Planning a sustainable future for the family farm

Attracting a steady flow of young farmers is at the core of building growth in the rural economy, and securing a sustainable future for the agricultural industry in Scotland.

That’s a challenge.

What’s more, much like the complex issue of succession planning, it’s one that has dire consequences if it’s not successfully tackled.

It’s well known that farming stands apart from many other business sectors as a way of life, and because farmers are living longer, and the farm business is likely linked to housing, there’s a low exit rate.

In fact, compared to the general Scottish population, the proportion of occupiers aged 65 plus has, in recent years, been increasing at a faster rate than in the population as a whole.

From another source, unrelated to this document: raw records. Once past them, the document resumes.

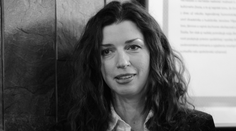 Vo veku 55 rokov zomrela spisovateľka a scenáristka Eva Borušovičová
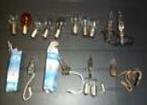 Lampen voor auto, motorfiets, caravan, mobilhome, remork,..., Ophalen of Verzenden, Gebruikt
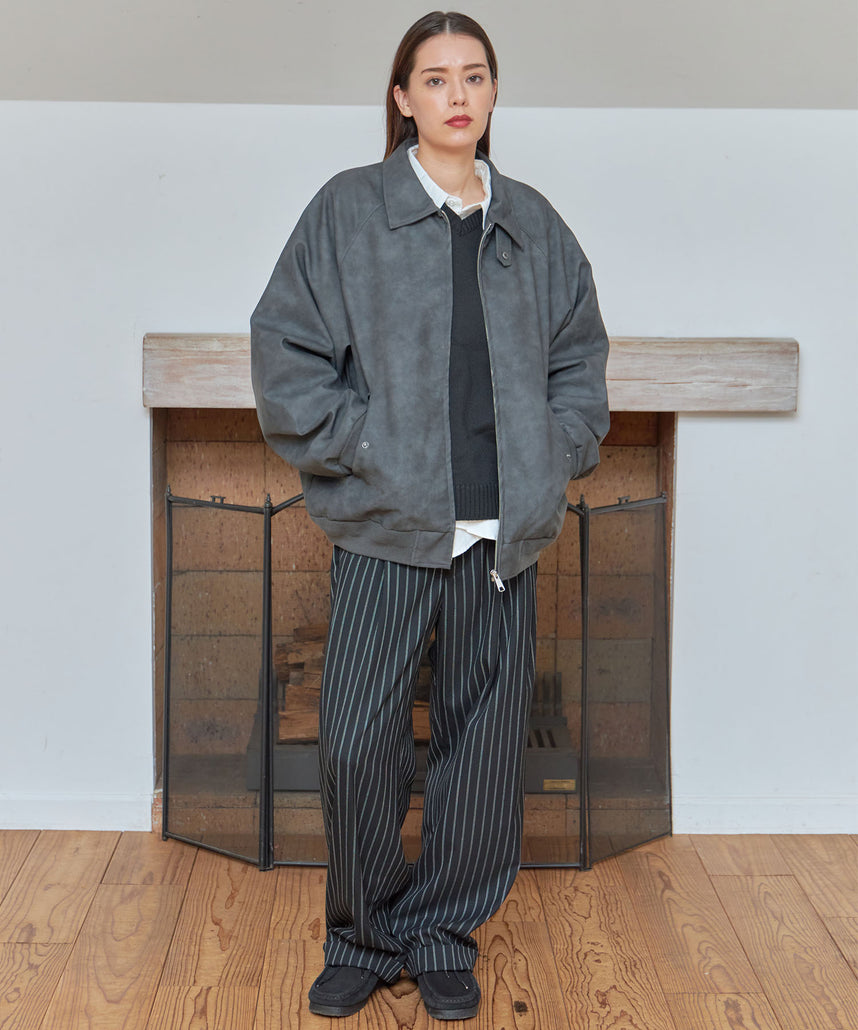 モデル:H172 Size:M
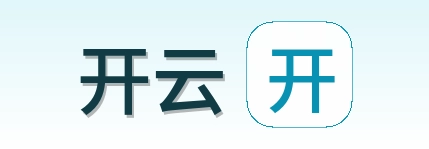 开云 Logo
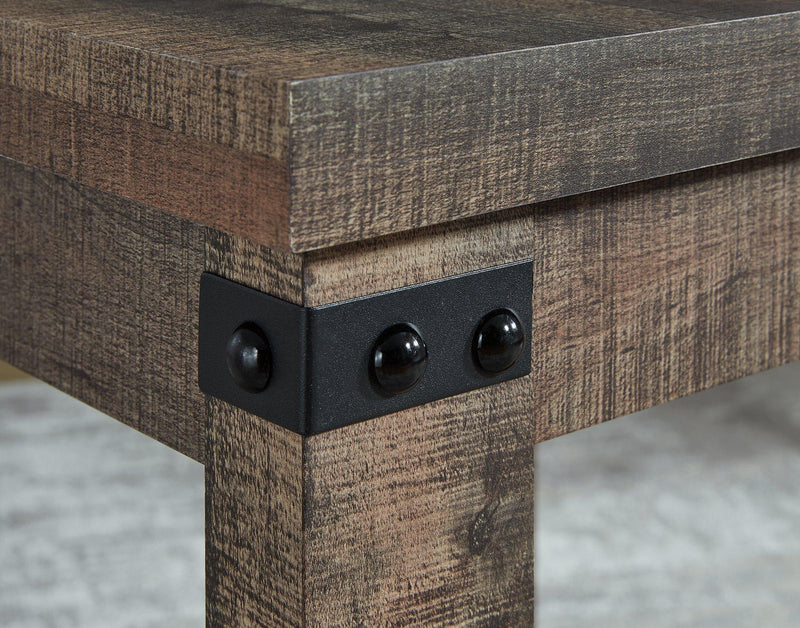 Hollum Occasional Table Set - Town Of Bargains Furniture - NY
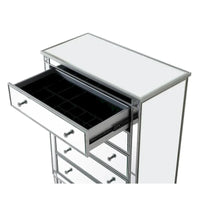 Commode 5 tiroirs 36 po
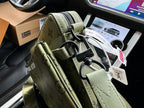 LOUIS VUITTON- Men’s Monogram Eclipse Reverse bag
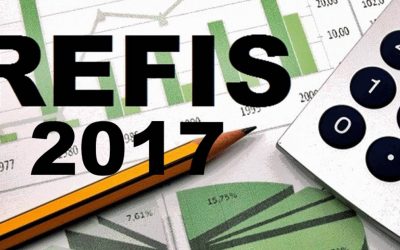 REFIS 2017, novidades interessantes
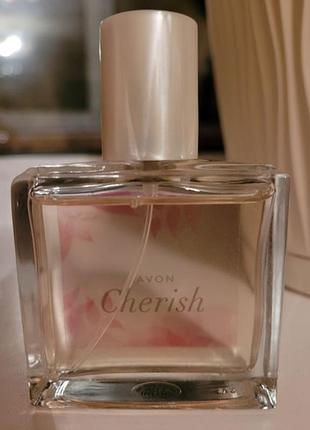 Парфумована вода avon cherish 30 мл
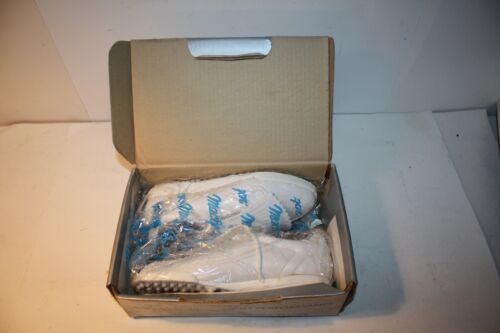 MacGregor - Lite Golf Shoes Woman's Size 8 White NEW IN BOX - Zdjęcie 1 z 8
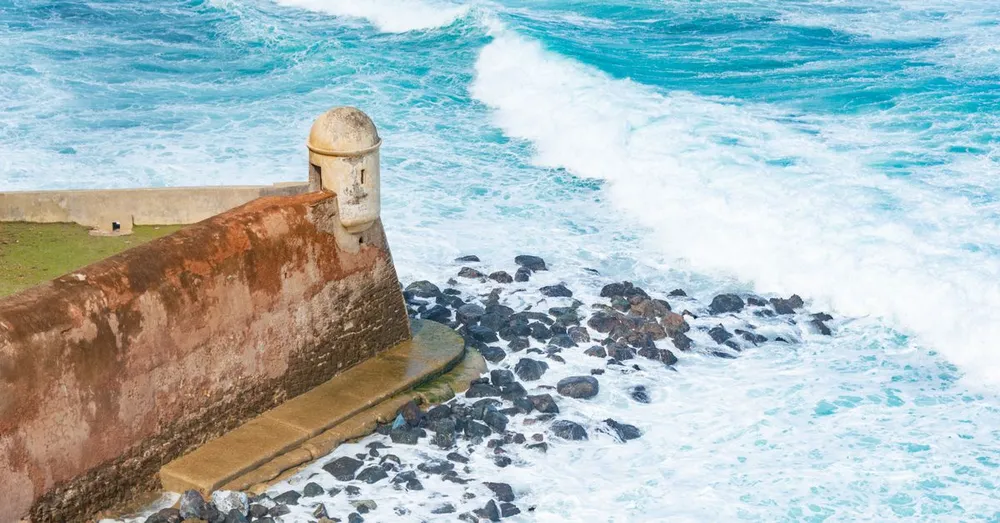 Tartane and Galion Bay: Surf and Wild Beaches of Martinique's North Atlantic Coast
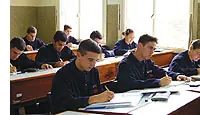 Escuela Naval Militar Argentina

Proper planning, together with professional legal and financial support, however, can make successful succession and retirement certain, while ensuring a smooth transition into the business for the next generation.

Succession as a process, not an event

The real issue standing in the way of passing on the farm business is often lack of financial security for those retiring.

Absence of pension provision and basic life insurance, or indeed critical illness cover, is commonplace, as is the widespread desire to pass the farm on ‘unburdened’ — with no borrowing against it — to the next generation.

In addition, the inter-generational transfer of the family farm can be a complex process with tax and revenue implications that may cause farmers instead to chose to ‘die in harness.’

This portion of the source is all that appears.